Daniel Tourinho Peres, o professor que reuniu 1,5 milhão de assinaturas em defesa das universidades públicas (Foto: Arquivo pessoal)

Ataques ideológicos às Ciências Humanas

Além da mobilização liderada pelo professor Daniel Peres, a Change.org também hospeda outra que defende especificamente os institutos federais, também alvo do corte de verbas. A petição, criada pelo Grêmio Estudantil do Instituto Federal do Rio Grande do Sul (IFRS) – Campus Restinga, acumula quase 370 mil assinaturas. Há, ainda, outras campanhas relacionadas à defesa da educação que tratam da proteção dos cursos de filosofia e sociologia, que foram alvo de ataques do governo, com ameaças de cortes de verbas.  

Dois abaixo-assinados em defesa das Ciências Humanas somam mais de meio milhão de apoiadores. Um deles foi aberto por um estudante de licenciatura em filosofia da Universidade Federal de Pelotas (UFPel), que já anunciou que poderia encerrar as atividades devido à indisponibilidade de recursos em caixa. Jonas Pereira de Moraes espera poder se formar dentro de dois anos e meio e sonha “seguir lutando em prol do pensar consciente”.

“Buscar qualidade de vida social, formar cidadãos capazes de pensar, analisar, decidir de maneira sensata e quem sabe no futuro conseguirmos alguém com a cabeça bem estruturada para direcionar nossa nação para uma vida mais harmoniosa, justa e sem desigualdades”, este é o desejo do estudante para o futuro de sua carreira e do país. Apesar da expectativa, o estudante preocupa-se com o que chama de “despreparo” do governo em lidar com essas questões. “Eu vejo um homem um tanto despreparado para comandar um país como o Brasil, penso também que o Bolsonaro está refém de suas promessas não sabendo como cumpri-las”, comenta Jonas, enfatizando que o presidente dá “canetadas” sem avaliar as decisões.   

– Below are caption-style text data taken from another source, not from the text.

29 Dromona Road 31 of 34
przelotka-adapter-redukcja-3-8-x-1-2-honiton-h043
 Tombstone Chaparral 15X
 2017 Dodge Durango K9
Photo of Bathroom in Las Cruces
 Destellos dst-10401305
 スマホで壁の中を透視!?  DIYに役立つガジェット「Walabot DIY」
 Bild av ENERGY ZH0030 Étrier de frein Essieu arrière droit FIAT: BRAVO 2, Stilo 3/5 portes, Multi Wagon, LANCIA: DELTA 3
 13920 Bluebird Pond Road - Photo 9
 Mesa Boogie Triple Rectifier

Para Jonas, as medidas que estão sendo tomadas na área educacional, mesmo que não intencionalmente, são destrutivas e trazem reflexos negativos para a formação dos jovens. “Aqui necessitamos de muito trabalho e conscientização da população para se chegar numa completa transformação educacional e socioeconômica”, comenta o estudante sobre as mobilizações feitas pelos alunos em sua cidade, Pelotas, para defesa da educação. 

Além das campanhas abertas pelo professor Daniel Peres, pelo Grêmio Estudantil do IFRS e por Jonas, a Change.org hospeda outras mobilizações em prol da educação. Juntas, as 10 petições alcançaram um total de quase 3 milhões de assinaturas. 

O outro lado

O Ministério da Educação divulgou que o Future-se ficará aberto a consulta pública pela internet e dependerá de um projeto de lei a ser apresentado ao Congresso Nacional. A pasta informou, ainda, que o programa visa uma mudança de cultura nas instituições públicas de ensino superior, dando maior autonomia financeira a universidades e institutos federais.  

Em notas publicadas em seu portal oficial, o MEC reforça que o programa não prevê a cobrança de mensalidades em cursos e que não irá privatizar as instituições. De acordo com o ministério, o governo continuará a ter um orçamento anual destinado para as instituições.

“O Future-se tenta tornar mais eficiente práticas existentes. As instituições já contam com receitas próprias – cerca de 1 bilhão de reais de universidades, institutos e hospitais universitários somados. Mas os recursos não apresentam retorno direto para as atividades por conta de limitação legal. O dinheiro arrecadado vai para a Conta Única do Tesouro. A proposta do MEC visa à desburocratização do recebimento dessa verba”, diz trecho da publicação.